Przez długą chwilę mógł Pytyon spokojnie i na uboczu oddawać się rozmyślaniom, bo Artafernes, najlepiej świadom wszelkich spraw kraju, którego był wielkorządcą, Soraba i innych, którzy tylko słuchać go chcieli, opowiadaniem lidyjskich dziejów i podań zabawiał.

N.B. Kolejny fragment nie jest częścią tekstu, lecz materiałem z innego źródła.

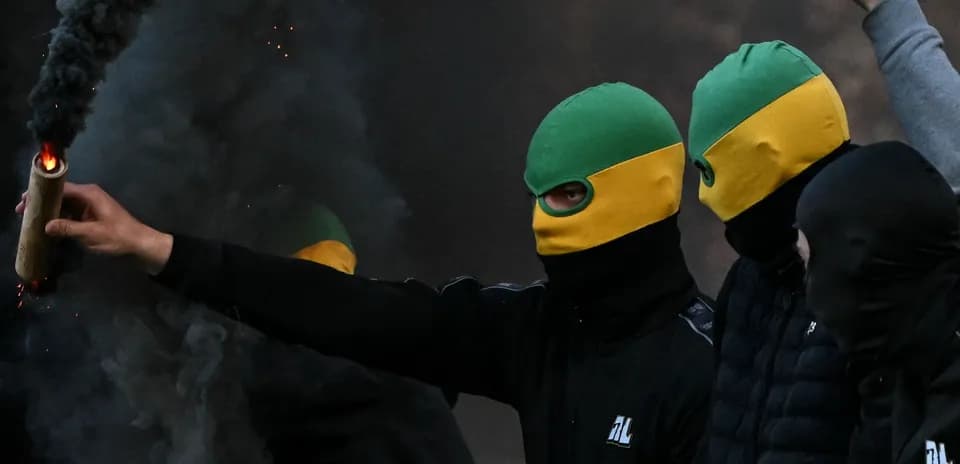Masked individuals holding a flare in smoky environment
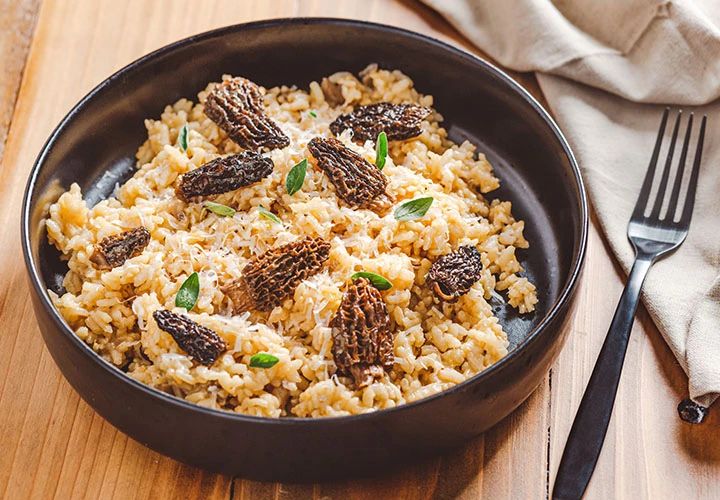 a bowl filled with rice and raisins on top of a wooden table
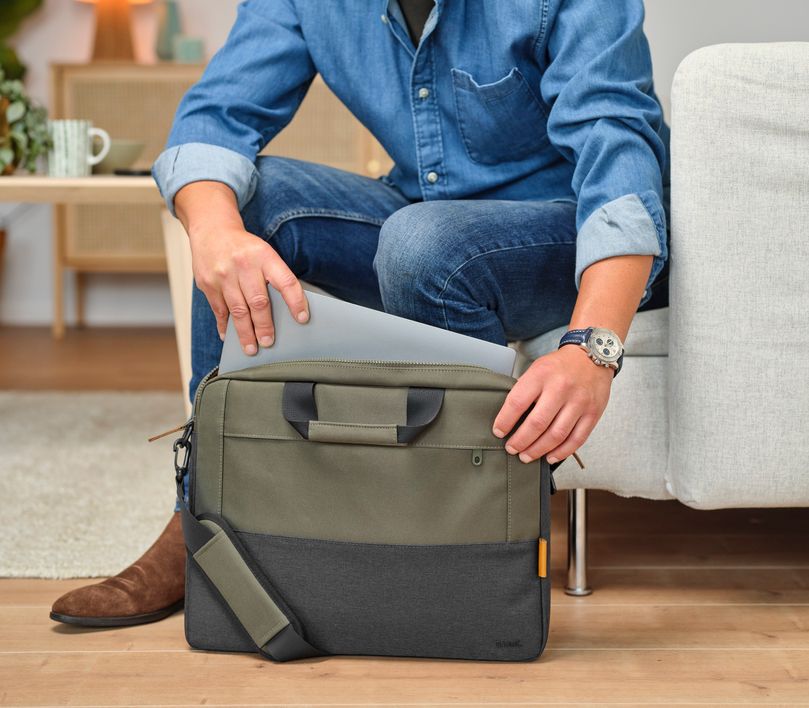 Una persona está sentada en un sofá, sacando una laptop de un Maletín para Laptop de 16 pulgadas Trust Lisboa de color verde. La persona lleva una camisa de jean, jeans y un reloj en la muñeca izquierda. En el fondo, se puede ver una mesa con una taza y algunos objetos decorativos.
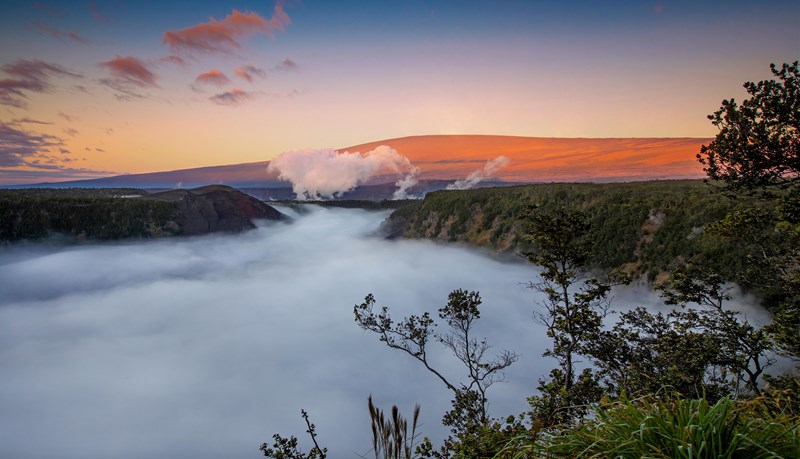 Kīlauea Iki A cloud-filled volcanic crater at sunrise with a mountain rising behind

— Na stoku wielkiej góry Sypilos — mówił — jak szmaragd w pierścień skał oprawiony, błyszczy okrągłe Saloe, jezioro, którego zielone wody stoją dziś tam, gdzie wznosiła się niegdyś wspaniała stolica Tantala, króla Lidyi, Frygii i wielu innych krajów. O sposobie, w jaki powstało to jezioro, taka wśród Lidyjczyków krąży opowieść: Tantalos możny był, bogaty i tak wiele o sobie mniemający, że raz bogów do siebie na ucztę zaprosił, gdy zaś oni przez wdzięczność za otrzymane dary gościnne dali mu napić się ambrozyi, pijany radością i dumą, upieczone członki własnego syna jako potrawę zastawił im do zjedzenia. Ohydą i gniewem za ten nieludzki postępek zdjęci, bogowie Tantalosa do piekieł strącili, gdzie cierpi dotąd męczarnie wiecznego pragnienia i głodu, a stolicę jego trzęsieniem ziemi zburzywszy, na jej miejsce, z łona ziemi zielone jezioro wywiedli.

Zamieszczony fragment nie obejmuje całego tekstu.